The Federal Reserve last week documented just how steeply family income across the U.S. has fallen, and the figures aren’t exactly uplifting.

According to the Survey of Consumer Finances (SCF), done every three years, the median value of family income fell by 7.7% between 2007 and 2010, from $49,600 to $45,800. Meanwhile, median net worth fell 38.9%, from $126,400 in 2007 to $77,300 in 2010 — a reflection of the severe downturn in the housing sector. The last time net worth was this low was 1992.

But the news isn’t all bad. As Wharton business and public policy professor Jeremy Tobacman points out, “This was a terribly serious decline, which has already reversed direction. Remember, the unemployment rate barely began to fall before the start of 2011. Since then, it has fallen slowly but fairly steadily.” He cites the Federal Reserve’s own release about the SCF findings, which states that: “The vast majority of interviews for the 2010 SCF were completed in 2010, but some were completed in early 2011. Thus, the survey data are largely unaffected by changes in economic activity since 2011 — in particular, the rise in the market price of corporate equities, the relative stabilization of house prices, and the start of a decline in the unemployment rate.”

Tobacman suggests that while “these numbers remind us just how terrible the Little Depression has been, they [also] simultaneously impel us to remember that the economy has been improving over the last 18 months.” At the same time, however, “one other fact leaps out from the report, especially during an election season [where] fairness is a touchstone issue: Even at the end of the boom in 2007, half of U.S. households earned less than $49,600 per year.”

Wharton business and public policy professor Kent Smetters also tempers the discouraging report, noting that “most of the decline is the reduction in housing wealth, which is less serious than if it were a reduction in non-housing assets. Non-housing assets are mainly used for putting kids through college, paying down debt, [covering] emergencies, retirement and so forth. So a loss of non-housing wealth can produce a material impact on lifestyle. However, for housing wealth, one’s lifestyle is mainly impacted to the extent that the family was intending to downsize and consume the difference in housing values. To be sure, that happens. But it is less important than a loss in non-housing wealth.”

Nonetheless, he adds, “the reduction in even housing wealth is significant simply because the average American family has so little non-housing assets available. Any loss, even to non-housing assets, becomes important.”

As for whether the decline will reverse itself anytime soon, “It’s very hard to say,” Smetters notes. “The large government deficits certainly don’t help because they will likely translate to lower future after-tax income.” It’s also hard to predict what will happen to home prices.  
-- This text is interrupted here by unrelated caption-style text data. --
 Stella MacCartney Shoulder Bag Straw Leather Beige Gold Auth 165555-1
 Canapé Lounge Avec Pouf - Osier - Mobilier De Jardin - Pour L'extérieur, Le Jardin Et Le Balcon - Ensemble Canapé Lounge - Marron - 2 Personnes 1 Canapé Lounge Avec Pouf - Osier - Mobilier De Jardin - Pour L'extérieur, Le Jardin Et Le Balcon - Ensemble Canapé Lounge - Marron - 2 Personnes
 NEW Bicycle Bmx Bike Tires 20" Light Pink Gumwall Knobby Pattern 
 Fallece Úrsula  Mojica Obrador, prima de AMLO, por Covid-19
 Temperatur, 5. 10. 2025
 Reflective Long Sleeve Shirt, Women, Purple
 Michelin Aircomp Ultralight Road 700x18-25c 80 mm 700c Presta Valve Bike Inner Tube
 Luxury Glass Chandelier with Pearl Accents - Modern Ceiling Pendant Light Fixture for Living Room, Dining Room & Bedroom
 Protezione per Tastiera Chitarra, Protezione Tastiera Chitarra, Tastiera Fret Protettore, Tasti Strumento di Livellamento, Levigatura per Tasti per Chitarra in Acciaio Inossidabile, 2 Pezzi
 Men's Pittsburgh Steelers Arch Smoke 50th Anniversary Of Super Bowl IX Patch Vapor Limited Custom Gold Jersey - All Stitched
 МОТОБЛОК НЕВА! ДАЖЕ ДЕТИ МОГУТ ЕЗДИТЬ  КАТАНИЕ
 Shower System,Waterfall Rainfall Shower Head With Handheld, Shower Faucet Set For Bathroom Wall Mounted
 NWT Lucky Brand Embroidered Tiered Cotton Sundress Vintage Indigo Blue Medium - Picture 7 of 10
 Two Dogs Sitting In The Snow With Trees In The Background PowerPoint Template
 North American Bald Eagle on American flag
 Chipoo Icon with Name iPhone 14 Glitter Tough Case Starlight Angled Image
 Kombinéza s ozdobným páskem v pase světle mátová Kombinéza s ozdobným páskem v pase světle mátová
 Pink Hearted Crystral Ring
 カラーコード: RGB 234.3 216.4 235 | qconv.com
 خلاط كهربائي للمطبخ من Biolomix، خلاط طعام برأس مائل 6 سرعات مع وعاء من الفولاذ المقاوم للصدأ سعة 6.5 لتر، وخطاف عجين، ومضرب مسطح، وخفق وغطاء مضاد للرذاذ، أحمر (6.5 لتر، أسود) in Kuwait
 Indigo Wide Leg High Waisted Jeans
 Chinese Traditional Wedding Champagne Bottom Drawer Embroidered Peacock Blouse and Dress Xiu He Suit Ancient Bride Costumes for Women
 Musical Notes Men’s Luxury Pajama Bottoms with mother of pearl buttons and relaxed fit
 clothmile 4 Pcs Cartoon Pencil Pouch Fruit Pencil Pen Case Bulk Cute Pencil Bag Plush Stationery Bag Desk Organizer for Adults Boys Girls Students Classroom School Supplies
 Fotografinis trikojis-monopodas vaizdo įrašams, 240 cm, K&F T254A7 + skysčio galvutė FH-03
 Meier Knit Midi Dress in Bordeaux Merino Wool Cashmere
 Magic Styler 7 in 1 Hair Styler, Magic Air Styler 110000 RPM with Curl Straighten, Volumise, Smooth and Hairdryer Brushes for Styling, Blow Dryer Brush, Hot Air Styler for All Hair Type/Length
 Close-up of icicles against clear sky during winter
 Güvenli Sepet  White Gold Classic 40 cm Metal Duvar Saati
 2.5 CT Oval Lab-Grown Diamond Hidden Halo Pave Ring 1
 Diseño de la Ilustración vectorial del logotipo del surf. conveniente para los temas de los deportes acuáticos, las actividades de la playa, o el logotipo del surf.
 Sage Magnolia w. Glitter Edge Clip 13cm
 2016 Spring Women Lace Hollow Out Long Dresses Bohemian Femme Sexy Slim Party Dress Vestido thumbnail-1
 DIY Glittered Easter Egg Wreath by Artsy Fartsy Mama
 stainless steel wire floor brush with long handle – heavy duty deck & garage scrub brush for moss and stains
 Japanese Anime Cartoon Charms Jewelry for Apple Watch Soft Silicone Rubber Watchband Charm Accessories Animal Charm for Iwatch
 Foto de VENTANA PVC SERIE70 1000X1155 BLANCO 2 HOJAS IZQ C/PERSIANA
His advice to the powers that be in Washington, D.C.? “Spend less.”

Meanwhile, what economic group in the U.S.has been hardest hit by the decline in family income? According to a recent article in the Philadelphia Inquirer titled, “A Generation in Collapse,” Generation X – those who entered the workforce in the late 1980s and early 1990s – “got more scorched than anyone else.” As the article notes, Gen Xers “have been decimated financially at a fragile time, while forming households and raising young families, those ordinary coming-of-age endeavors.” Their median net worth in 2010 was less than half the net worth of those who were their age in 2001 — $42,100 vs. $95,100.

In addition, the article points out, “due to little more than the bad luck of birthdays, a higher proportion of Xers purchased homes while prices were exceptionally high.”  Couple that with the fact that home equity decreased 42.3% between 2007 and 2010 – from $95,300 to $55,000 – and it’s easy to wonder how “this Lost Generation [can] even start to catch up, considering the grim pace of economic recovery.”